**Assigned task**. Everything in the records below goes into the copy exactly, except the pictures.

**Data to use**.
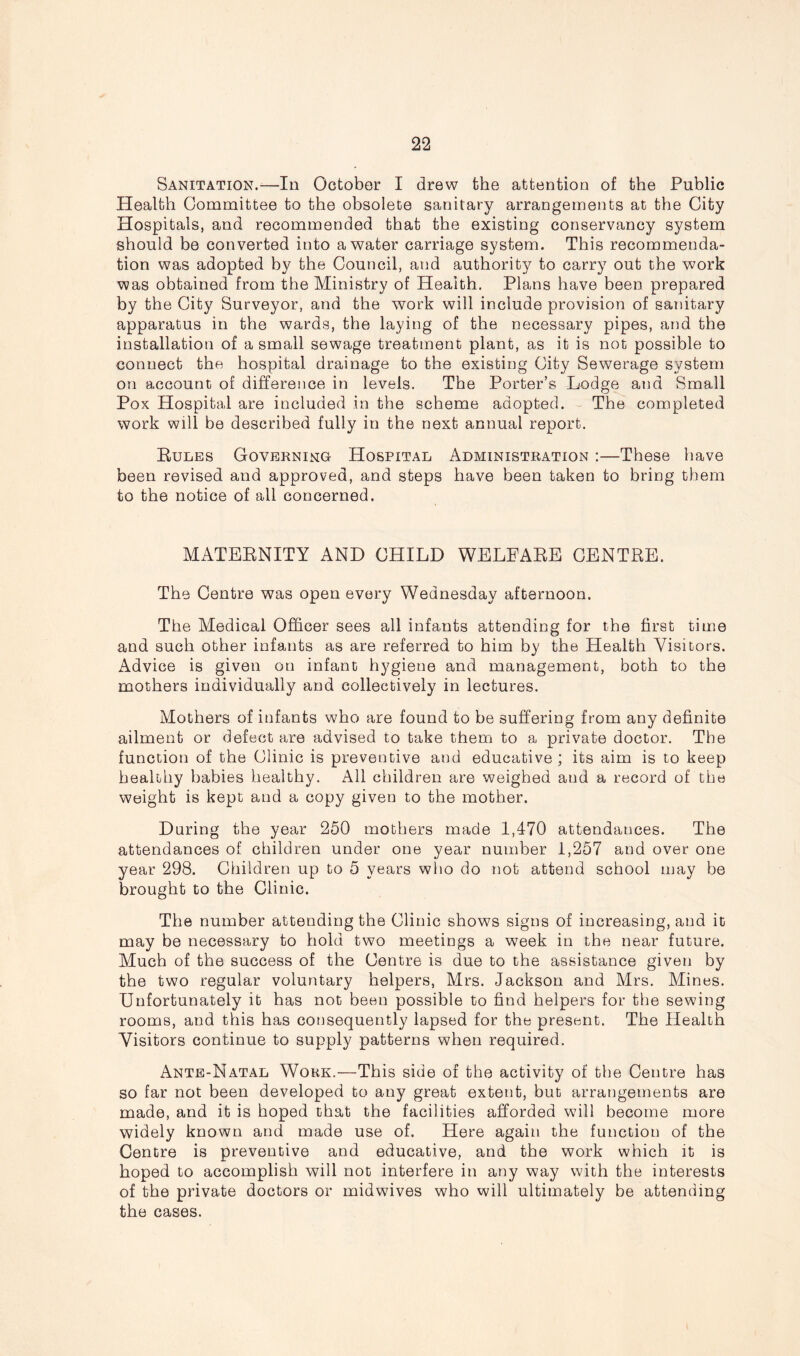 Sanitation.—In October I drew the attention of the Public Health Committee to the obsolete sanitary arrangements at the City Hospitals, and recommended that the existing conservancy system should be converted into a water carriage system. This recommenda- tion was adopted by the Council, and authority to carry out the work was obtained from the Ministry of Health. Plans have been prepared by the City Surveyor, and the work will include provision of sanitary apparatus in the wards, the laying of the necessary pipes, and the installation of a small sewage treatment plant, as it is not possible to connect the hospital drainage to the existing City Sewerage system on account of difference in levels. The Porter’s Lodge and Small Pox Hospital are included in the scheme adopted. The completed work will be described fully in the next annual report. Rules Governing Hospital Administration :—These have been revised and approved, and steps have been taken to bring them to the notice of all concerned. MATERNITY AND CHILD WELEARE CENTRE. The Centre was open every Wednesday afternoon. The Medical Officer sees all infants attending for the first time and such other infants as are referred to him by the Health Visitors. Advice is given on infant hygiene and management, both to the mothers individually and collectively in lectures. Mothers of infants who are found to he suffering from any definite ailment or defect are advised to take them to a private doctor. The function of the Clinic is preventive and educative ; its aim is to keep healthy babies healthy. All children are weighed and a record of the weight is kept and a copy given to the mother. Daring the year 250 mothers made 1,470 attendances. The attendances of children under one year number 1,257 and over one year 298. Children up to 5 years who do not attend school may he brought to the Clinic. The number attending the Clinic shows signs of increasing, and it may be necessary to hold two meetings a week in the near future. Much of the success of the Centre is due to the assistance given by the two regular voluntary helpers, Mrs. Jackson and Mrs. Mines. Unfortunately it has not been possible to find helpers for the sewing rooms, and this has consequently lapsed for the present. The Health Visitors continue to supply patterns when required. Ante-Natal Work.—This side of the activity of the Centre has so far not been developed to any great extent, but arrangements are made, and it is hoped that the facilities afforded will become more widely known and made use of. Here again the function of the Centre is preventive and educative, and the work which it is hoped to accomplish will not interfere in any way with the interests of the private doctors or midwives who will ultimately be attending the cases.
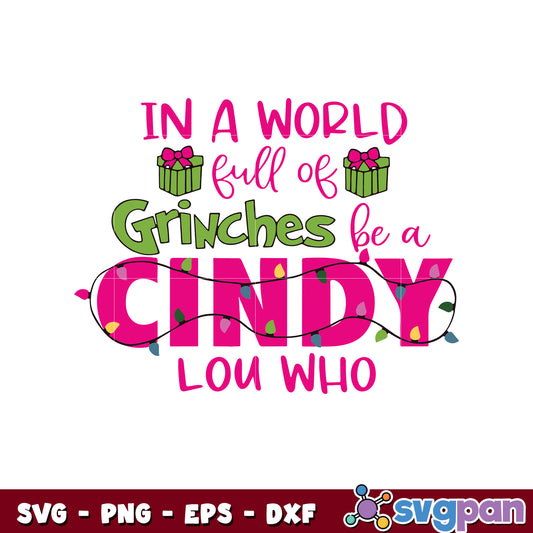 In A world full of grinches be a cindy lou Who svg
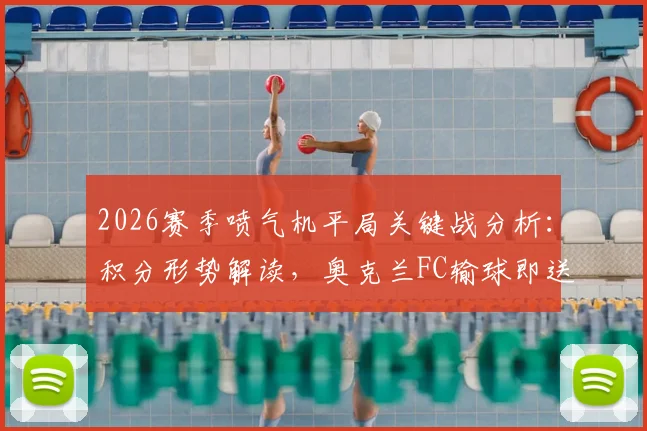 2026赛季喷气机平局关键战分析:积分形势解读,奥克兰FC输球即送喷气机登顶常规赛冠军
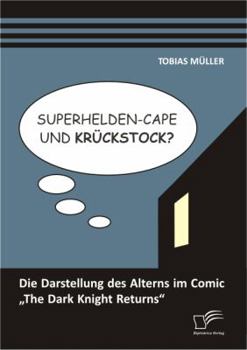 Superhelden-Cape und Krückstock? Die Darstellung des Alterns im Comic „The Dark Knight Returns"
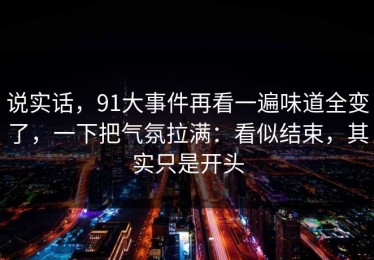 说实话，91大事件再看一遍味道全变了，一下把气氛拉满：看似结束，其实只是开头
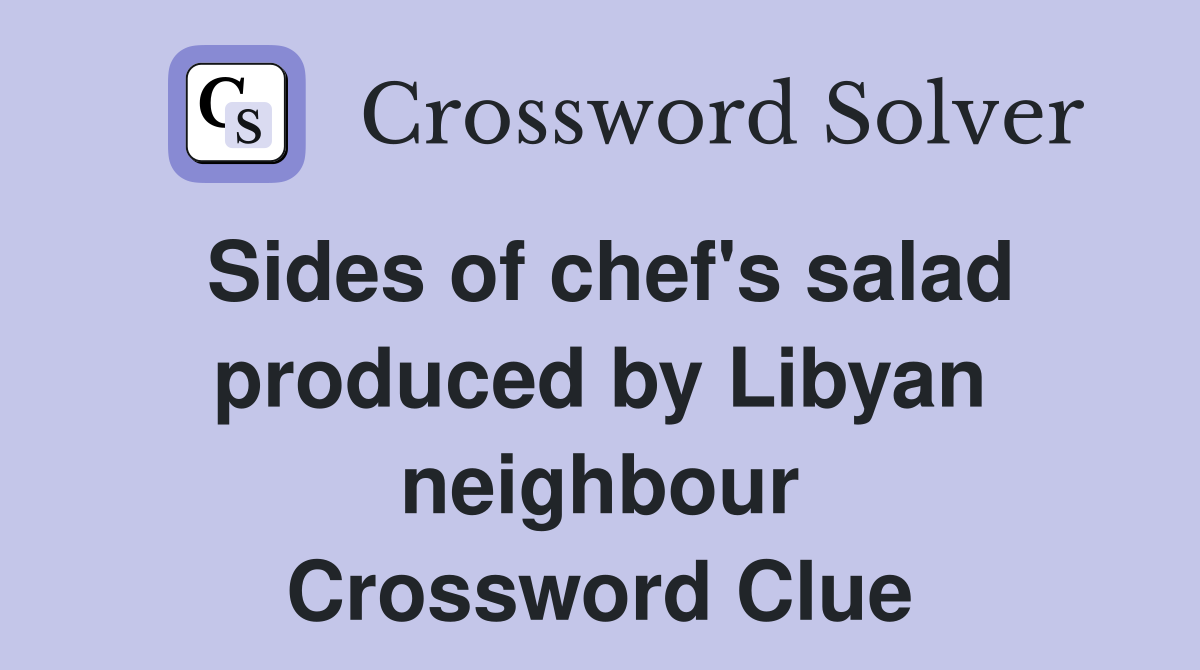 Sides of chef's salad produced by Libyan neighbour Crossword Clue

**Solution for this problem**.
 Sanitation.—In October I drew the attention of the Public Health Committee to the obsolete sanitary arrangements at the City Hospitals, and recommended that the existing conservancy system should be converted into a water carriage system. This recommenda- tion was adopted by the Council, and authority to carry out the work was obtained from the Ministry of Health. Plans have been prepared by the City Surveyor, and the work will include provision of sanitary apparatus in the wards, the laying of the necessary pipes, and the installation of a small sewage treatment plant, as it is not possible to connect the hospital drainage to the existing City Sewerage system on account of difference in levels. The Porter’s Lodge and Small Pox Hospital are included in the scheme adopted. The completed work will be described fully in the next annual report. Rules Governing Hospital Administration :—These have been revised and approved, and steps have been taken to bring them to the notice of all concerned. MATERNITY AND CHILD WELEARE CENTRE. The Centre was open every Wednesday afternoon. The Medical Officer sees all infants attending for the first time and such other infants as are referred to him by the Health Visitors. Advice is given on infant hygiene and management, both to the mothers individually and collectively in lectures. Mothers of infants who are found to he suffering from any definite ailment or defect are advised to take them to a private doctor. The function of the Clinic is preventive and educative ; its aim is to keep healthy babies healthy. All children are weighed and a record of the weight is kept and a copy given to the mother. Daring the year 250 mothers made 1,470 attendances. The attendances of children under one year number 1,257 and over one year 298. Children up to 5 years who do not attend school may he brought to the Clinic. The number attending the Clinic shows signs of increasing, and it may be necessary to hold two meetings a week in the near future. Much of the success of the Centre is due to the assistance given by the two regular voluntary helpers, Mrs. Jackson and Mrs. Mines. Unfortunately it has not been possible to find helpers for the sewing rooms, and this has consequently lapsed for the present. The Health Visitors continue to supply patterns when required. Ante-Natal Work.—This side of the activity of the Centre has so far not been developed to any great extent, but arrangements are made, and it is hoped that the facilities afforded will become more widely known and made use of. Here again the function of the Centre is preventive and educative, and the work which it is hoped to accomplish will not interfere in any way with the interests of the private doctors or midwives who will ultimately be attending the cases.
 In A world full of grinches be a cindy lou Who svg
 2026赛季喷气机平局关键战分析:积分形势解读,奥克兰FC输球即送喷气机登顶常规赛冠军
 Superhelden-Cape und Krückstock? Die Darstellung des Alterns im Comic „The Dark Knight Returns"
 说实话，91大事件再看一遍味道全变了，一下把气氛拉满：看似结束，其实只是开头
 Sides of chef's salad produced by Libyan neighbour Crossword Clue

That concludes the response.